[WORK INSTRUCTION]
With the pictures left out, retype exactly the lines below starting at the line that contains "Custom Teal Red" and ending at the line that contains "TOV Furniture Flapper Cream Swivel Chair".

[DATA TO USE]

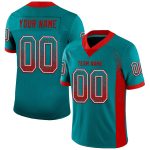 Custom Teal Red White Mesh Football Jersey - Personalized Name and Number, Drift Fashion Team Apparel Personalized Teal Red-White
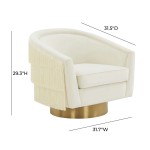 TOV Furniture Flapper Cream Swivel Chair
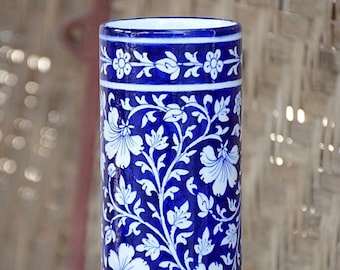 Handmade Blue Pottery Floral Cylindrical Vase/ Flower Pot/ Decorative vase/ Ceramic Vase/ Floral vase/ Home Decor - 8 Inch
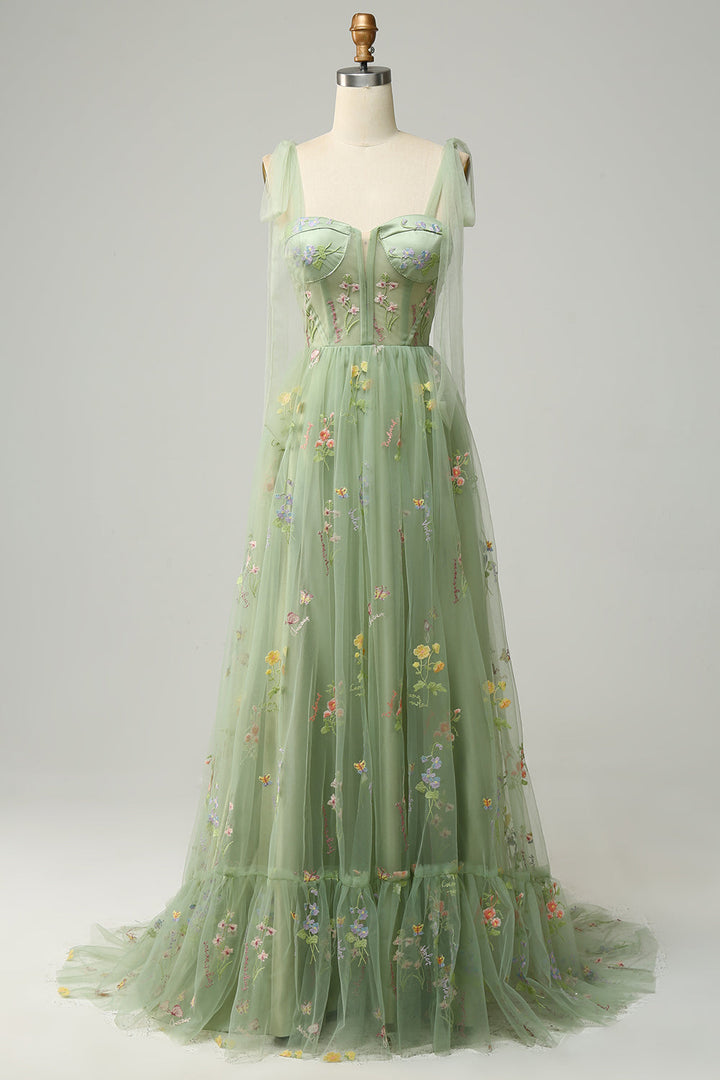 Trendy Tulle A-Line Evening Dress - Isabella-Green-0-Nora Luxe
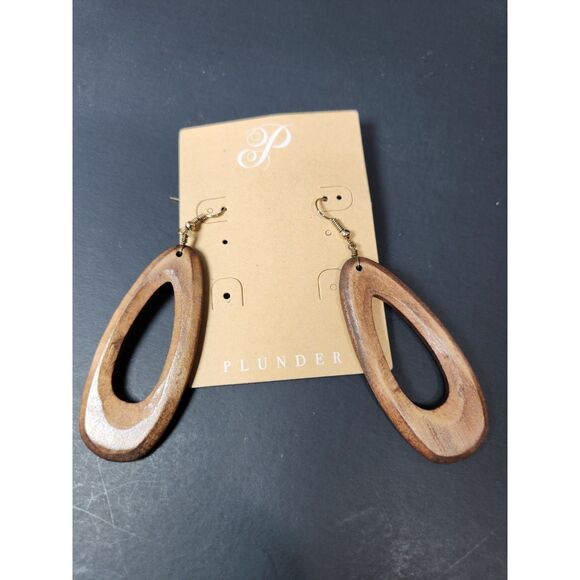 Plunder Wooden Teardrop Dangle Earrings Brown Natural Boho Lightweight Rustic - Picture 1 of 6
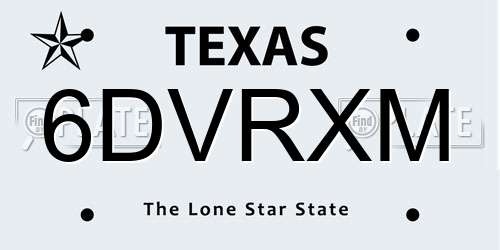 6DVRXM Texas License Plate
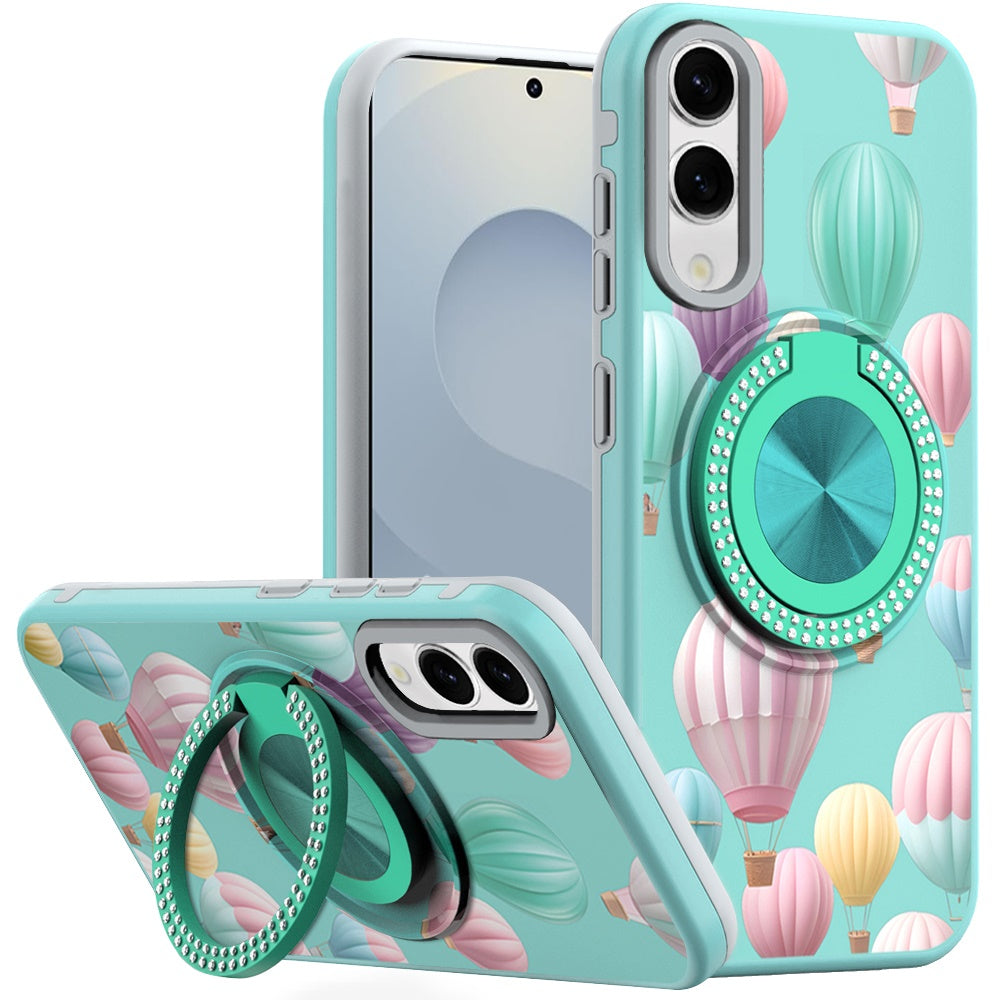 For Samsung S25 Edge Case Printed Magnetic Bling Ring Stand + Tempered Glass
* * *
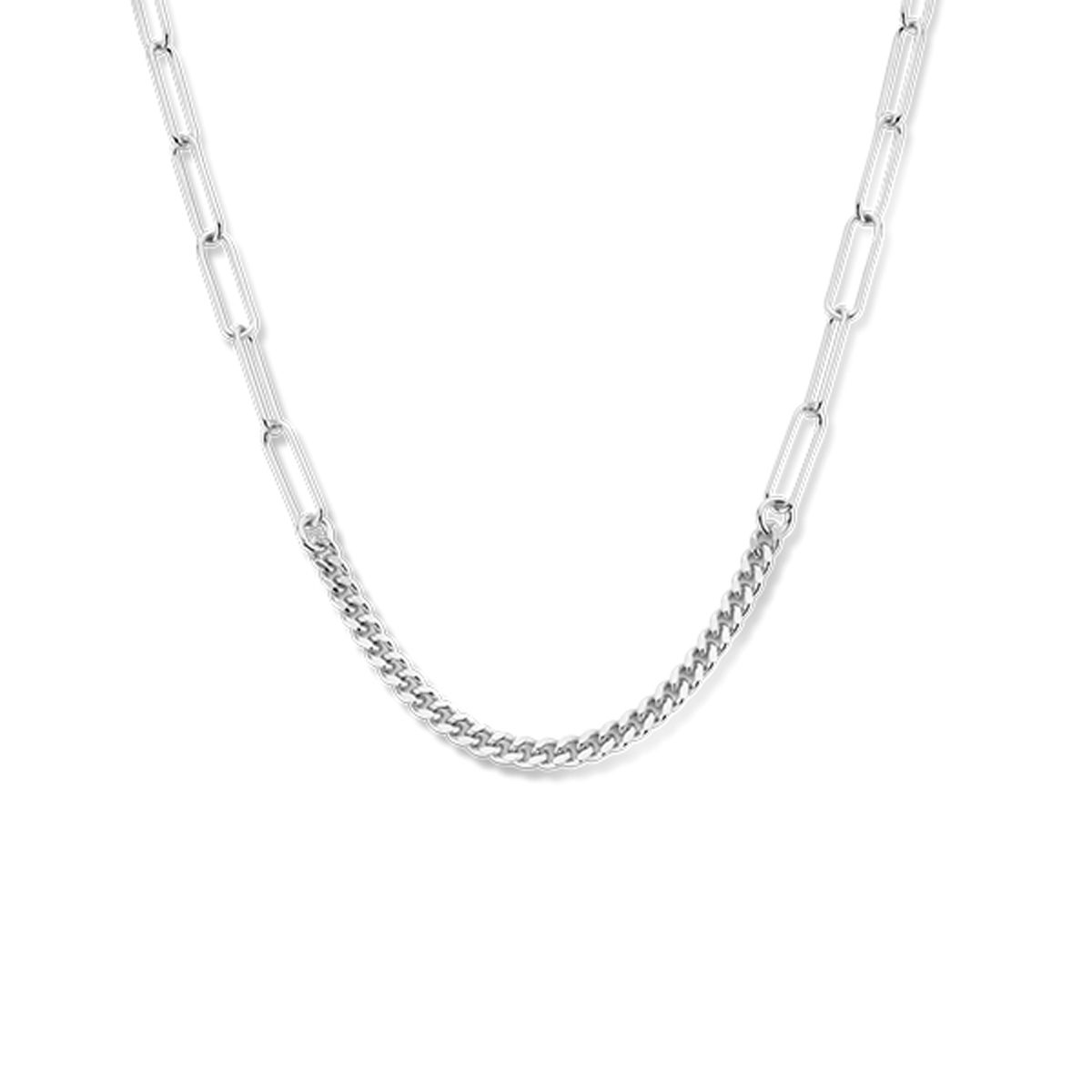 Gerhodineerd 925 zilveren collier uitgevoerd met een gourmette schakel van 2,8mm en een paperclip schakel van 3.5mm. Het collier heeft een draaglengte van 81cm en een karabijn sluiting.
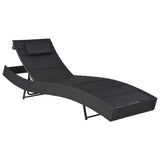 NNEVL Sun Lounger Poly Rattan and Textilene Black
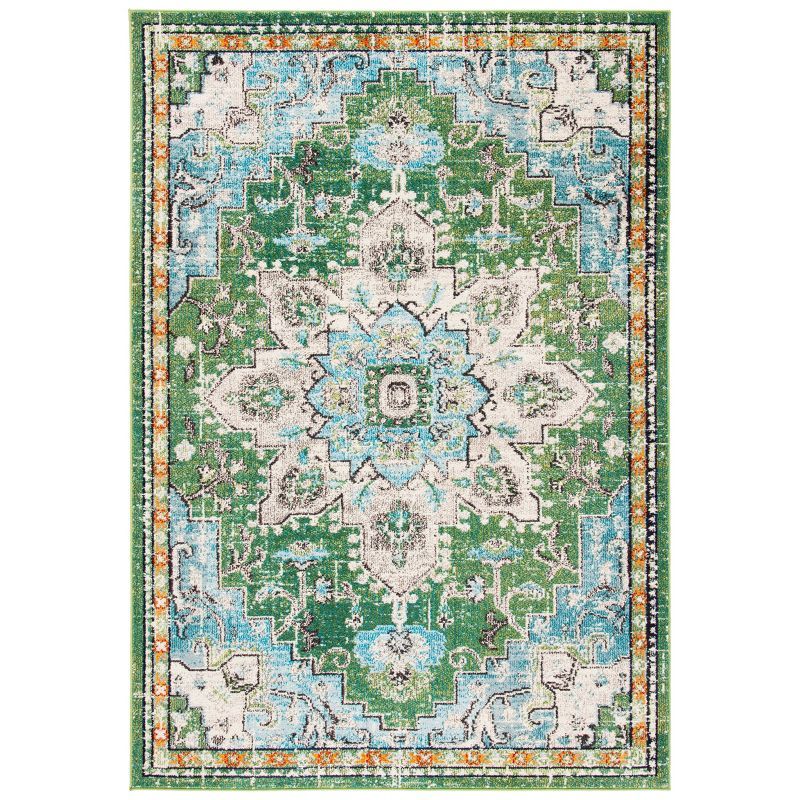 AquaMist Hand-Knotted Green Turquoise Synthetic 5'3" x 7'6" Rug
---
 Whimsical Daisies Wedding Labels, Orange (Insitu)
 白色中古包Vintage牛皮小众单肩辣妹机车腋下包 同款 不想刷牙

[SOLUTION]
 Custom Teal Red White Mesh Football Jersey - Personalized Name and Number, Drift Fashion Team Apparel Personalized Teal Red-White
 TOV Furniture Flapper Cream Swivel Chair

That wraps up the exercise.